Jensen'in 'adamları'

Jensen, takıntılı bir yönetmen. Takıntılı olduğu her konuyu da sinemasında işliyor. Yönetmenliğini yaptığı filmlerde sadece kendi istediği oyuncularla ve Danimarkalı oyuncularla çalışıyor. Ulrich Thomsen, Soren Pilmark, Mads Mikkelsen, Nikolaj Lie Kass, Jensen'in vazgeçmediği, takıntılı olduğu 4 oyuncu. Mikkelsen ve Lie Kass, yönetmenin 4 uzun metraj filmlerinde de başrolü oynadı.

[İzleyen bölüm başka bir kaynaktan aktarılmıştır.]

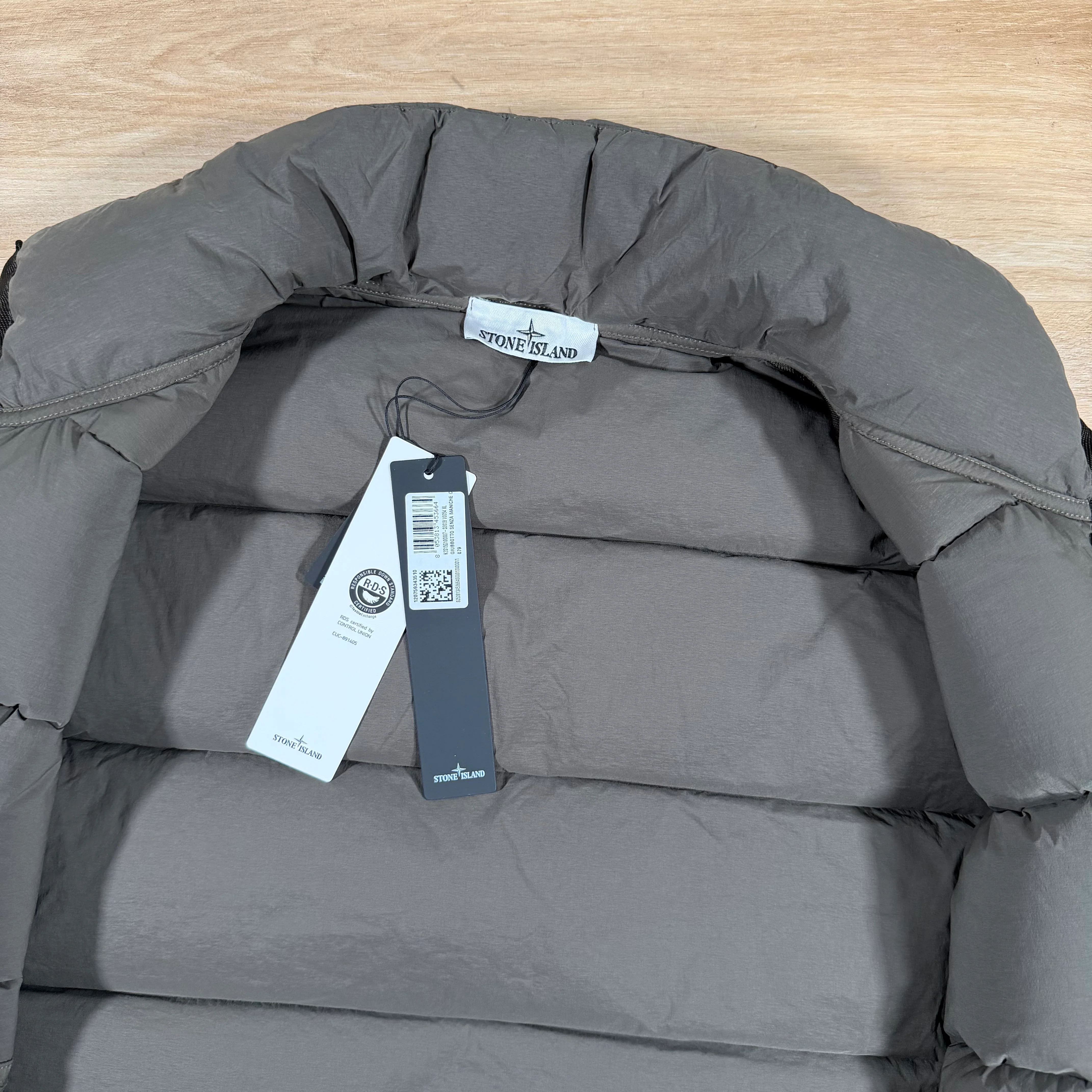 Stone Island Seamless Tunnel Nylon Down-TC Vest in Military Green - Image 5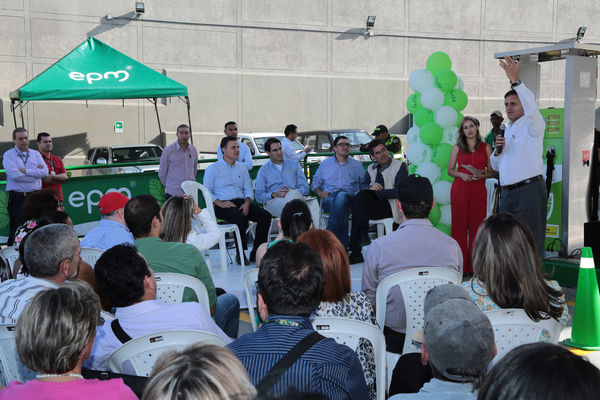 Inauguración de estación de GNV - visita de Ministro a clientes 
Inauguración de estación de GNV - visita de Ministro a clientes  
Fecha: Junio 19 de 2015. Lugar: Medellín -  La Iguaná Estación de Servicio Punto 0
Para descargar esta fotografía en alta resolución, haga clic sobre la imagen hasta que la misma se despliegue en la pantalla completa; luego dé clic derecho y elija la opción "guardar imagen como". 
En caso de publicación por cualquier medio, solicitamos acompañarla del crédito: "Foto EPM"
Palabras clave: Inauguración estación GNV visita Ministro clientes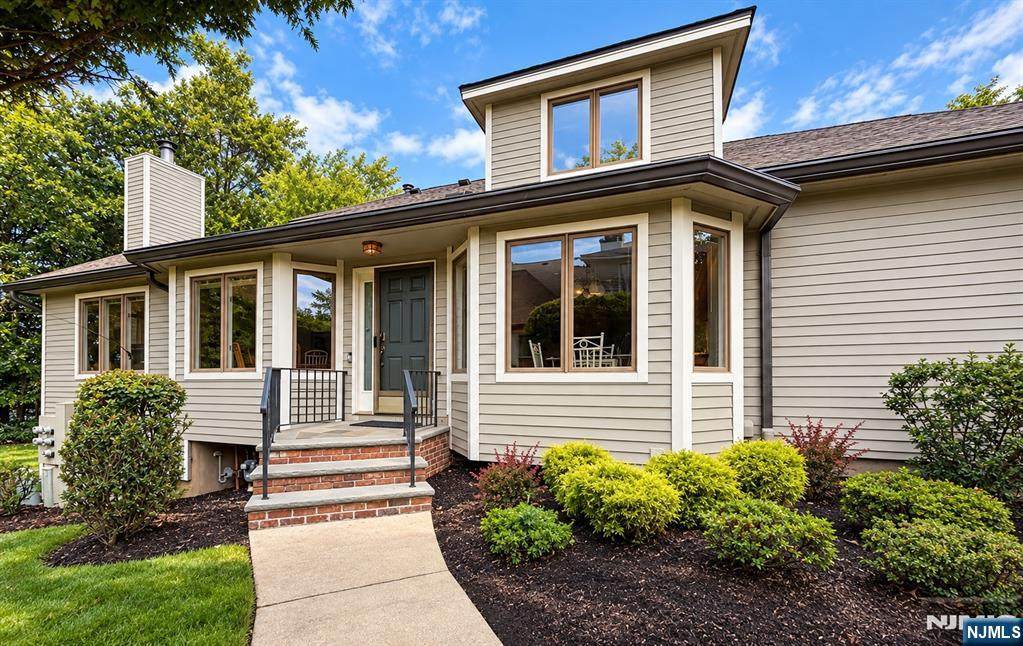125 Lakeview Drive - Photo 1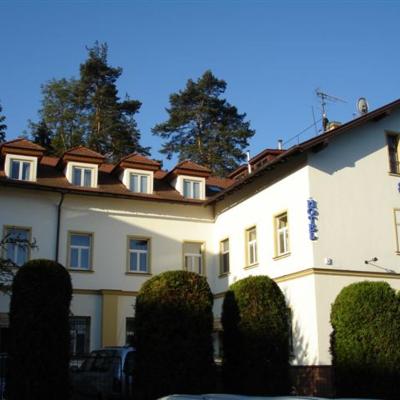 Hotel Sanssouci (V Podhájí 54/12 147 00 Prague)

Ayrıca Mads Mikkelsen'e ayrı bir paragraf açmak gerekiyor. 4 dil bilen Mikkelsen oyunculuğa meslek olarak değil akademik kariyer yapabilmek amacıyla başlıyor. 1995 yazında ailesini ziyaret amacıyla Kopenhag'a geldiğin Danimarka'daki bira ortamlarından yönetmen arkadaşı Nicolas Winding Refn'in teklifiyle Pusher'da yardımcı rolde bir psikopatı canlandırmayı kabul ediyor.

Mads Mikkelsen

Mikkelsen'in de kariyeri o gün değişti. Başarılı oyunculuğunu sürdüren Mikkelsen 2000'li yıllarda hem Danimarkalı yönetmenlerin 2010 yılından sonra da ABD'li yönetmenlerin dikkatini çekti. Mikkelsen, Valhalla Rising, Hannibal ve The Salvation performanslarından sonra daha da zirveye çıkarak varolan dünya sinemasının en önde gelen oyuncularından biri artık.

Mikkelsen ( nerede okuduğumu hatırlayamadım ) bir röportajında oyunculuk kariyerindeki başarısını Tuborg'a borçlu olduğunu söylemişti. Çünkü Kopenhag'ta her gece 3 bira içmeye gittiği o barda Refn'in teklifiyle akademik kariyerine ara vererek oyuncu olmayı seçmeseydi muhtelen şuan Kopenhag Devlet Opera ve Tiyatro Balesi'nde başarılı bir hoca olacaktı...

 Mikkelsen'in favori kenti de Arhus'tur.